When the binary data packet is obtained, the category of the binary data packet in the medical system is synchronously obtained, a data label is generated, then the obtained binary data packet is identified by using an identification module and an extraction module, data information in the binary data packet is extracted, and a plurality of keywords are extracted according to data word frequency appearing in the data information.

Classifying the extracted data information by using a classifying module, analyzing the correlation degree of the extracted data information and the extracted data label by using a SharkSearch algorithm, judging whether the correlation degree between the data label and the extracted data information reaches a set correlation rate, and if the correlation degree between the data label and the extracted data information reaches the set correlation rate, establishing a new classifying and classifying label by using the data label.

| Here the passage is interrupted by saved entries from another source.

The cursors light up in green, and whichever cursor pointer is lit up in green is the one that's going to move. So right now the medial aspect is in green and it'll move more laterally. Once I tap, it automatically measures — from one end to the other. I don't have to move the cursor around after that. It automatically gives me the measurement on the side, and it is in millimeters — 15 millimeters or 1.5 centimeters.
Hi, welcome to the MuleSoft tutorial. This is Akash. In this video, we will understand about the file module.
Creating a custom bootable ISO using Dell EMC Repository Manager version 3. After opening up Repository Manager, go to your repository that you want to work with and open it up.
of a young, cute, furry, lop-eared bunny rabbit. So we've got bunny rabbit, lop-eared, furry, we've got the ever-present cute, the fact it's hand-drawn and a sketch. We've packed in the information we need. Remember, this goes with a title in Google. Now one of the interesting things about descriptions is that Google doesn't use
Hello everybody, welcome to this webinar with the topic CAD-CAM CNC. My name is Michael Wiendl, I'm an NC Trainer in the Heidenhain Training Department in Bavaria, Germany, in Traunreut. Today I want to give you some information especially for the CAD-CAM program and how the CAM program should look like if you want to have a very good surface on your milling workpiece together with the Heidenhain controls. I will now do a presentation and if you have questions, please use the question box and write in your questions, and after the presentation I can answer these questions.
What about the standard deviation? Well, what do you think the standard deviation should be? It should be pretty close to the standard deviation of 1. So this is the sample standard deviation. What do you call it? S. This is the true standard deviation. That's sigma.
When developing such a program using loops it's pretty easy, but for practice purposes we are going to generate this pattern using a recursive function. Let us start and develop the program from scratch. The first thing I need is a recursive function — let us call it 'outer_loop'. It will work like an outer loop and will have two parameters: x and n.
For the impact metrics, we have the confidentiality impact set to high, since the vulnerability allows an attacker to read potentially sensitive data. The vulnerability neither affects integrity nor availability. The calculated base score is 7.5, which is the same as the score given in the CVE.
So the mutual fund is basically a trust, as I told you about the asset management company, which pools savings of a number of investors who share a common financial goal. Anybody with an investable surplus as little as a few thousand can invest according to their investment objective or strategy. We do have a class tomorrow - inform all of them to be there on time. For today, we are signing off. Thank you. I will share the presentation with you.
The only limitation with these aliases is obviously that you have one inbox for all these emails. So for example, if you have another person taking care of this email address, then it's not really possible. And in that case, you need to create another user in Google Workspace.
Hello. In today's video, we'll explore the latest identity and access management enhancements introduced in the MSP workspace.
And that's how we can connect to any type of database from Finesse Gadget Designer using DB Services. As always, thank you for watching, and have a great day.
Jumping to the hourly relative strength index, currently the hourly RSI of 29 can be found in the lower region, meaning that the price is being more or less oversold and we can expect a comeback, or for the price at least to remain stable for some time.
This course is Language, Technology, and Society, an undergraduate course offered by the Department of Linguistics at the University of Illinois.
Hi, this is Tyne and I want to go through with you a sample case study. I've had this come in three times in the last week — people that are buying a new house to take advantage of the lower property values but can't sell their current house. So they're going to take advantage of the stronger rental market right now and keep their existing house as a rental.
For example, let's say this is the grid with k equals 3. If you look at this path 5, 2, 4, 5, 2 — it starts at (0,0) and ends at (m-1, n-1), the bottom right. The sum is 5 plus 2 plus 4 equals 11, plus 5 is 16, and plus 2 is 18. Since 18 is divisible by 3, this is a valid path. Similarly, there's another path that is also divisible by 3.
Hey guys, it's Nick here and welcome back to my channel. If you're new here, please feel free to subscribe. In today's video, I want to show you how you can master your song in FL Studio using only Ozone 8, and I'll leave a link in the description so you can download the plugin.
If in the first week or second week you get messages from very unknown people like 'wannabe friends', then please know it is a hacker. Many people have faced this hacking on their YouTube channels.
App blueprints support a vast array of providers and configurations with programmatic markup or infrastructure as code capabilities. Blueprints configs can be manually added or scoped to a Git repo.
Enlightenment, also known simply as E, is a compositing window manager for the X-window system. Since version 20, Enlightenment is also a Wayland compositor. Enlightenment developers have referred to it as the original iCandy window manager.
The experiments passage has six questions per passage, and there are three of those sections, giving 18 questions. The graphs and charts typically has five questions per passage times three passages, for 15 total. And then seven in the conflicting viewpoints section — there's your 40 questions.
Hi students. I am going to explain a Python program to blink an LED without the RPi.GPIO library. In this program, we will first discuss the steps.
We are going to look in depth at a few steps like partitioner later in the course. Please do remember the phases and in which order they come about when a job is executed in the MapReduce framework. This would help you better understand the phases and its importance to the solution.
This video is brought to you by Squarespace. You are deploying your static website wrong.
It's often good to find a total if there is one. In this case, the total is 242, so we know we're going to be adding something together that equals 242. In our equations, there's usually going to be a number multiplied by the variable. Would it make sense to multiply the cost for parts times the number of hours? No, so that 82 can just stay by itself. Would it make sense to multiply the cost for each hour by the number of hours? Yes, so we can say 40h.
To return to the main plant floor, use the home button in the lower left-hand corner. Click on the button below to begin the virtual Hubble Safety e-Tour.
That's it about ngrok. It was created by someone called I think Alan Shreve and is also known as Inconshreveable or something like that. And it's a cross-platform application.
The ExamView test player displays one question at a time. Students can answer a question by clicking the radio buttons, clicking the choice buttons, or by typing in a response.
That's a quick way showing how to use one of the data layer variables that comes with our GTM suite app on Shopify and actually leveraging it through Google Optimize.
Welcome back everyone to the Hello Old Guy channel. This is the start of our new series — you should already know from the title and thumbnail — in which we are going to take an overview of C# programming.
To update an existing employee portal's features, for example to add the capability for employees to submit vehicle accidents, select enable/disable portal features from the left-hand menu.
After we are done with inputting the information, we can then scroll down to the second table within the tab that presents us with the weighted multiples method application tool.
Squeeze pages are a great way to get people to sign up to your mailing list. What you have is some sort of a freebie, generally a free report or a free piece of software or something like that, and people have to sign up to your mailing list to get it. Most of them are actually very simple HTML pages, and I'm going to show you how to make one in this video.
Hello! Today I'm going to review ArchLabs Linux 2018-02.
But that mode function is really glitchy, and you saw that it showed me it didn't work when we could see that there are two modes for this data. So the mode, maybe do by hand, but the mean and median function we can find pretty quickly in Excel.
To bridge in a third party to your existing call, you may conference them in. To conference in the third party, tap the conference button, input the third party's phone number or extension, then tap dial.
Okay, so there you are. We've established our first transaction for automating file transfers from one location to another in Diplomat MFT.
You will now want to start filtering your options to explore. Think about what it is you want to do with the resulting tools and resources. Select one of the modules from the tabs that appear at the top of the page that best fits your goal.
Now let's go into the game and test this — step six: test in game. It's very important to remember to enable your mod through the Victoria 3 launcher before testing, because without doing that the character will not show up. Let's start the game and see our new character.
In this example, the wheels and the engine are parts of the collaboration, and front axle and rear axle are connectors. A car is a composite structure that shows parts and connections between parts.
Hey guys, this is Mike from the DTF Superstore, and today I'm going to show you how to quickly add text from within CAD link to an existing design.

If the correlation degree between the data label and the extracted data information does not reach the set correlation rate, re-setting a classification label of the data information, analyzing the correlation degree between the extracted data information and the keywords by using a Sharksearch algorithm, taking the correlation rate of each keyword as the weight of the keyword in the data information, calculating the coincidence value of each keyword according to the weight of each keyword in the data information and the word frequency appearing in the data information, and establishing a new classification label by using the keyword corresponding to the highest coincidence value through the comparison between the coincidence values of each keyword.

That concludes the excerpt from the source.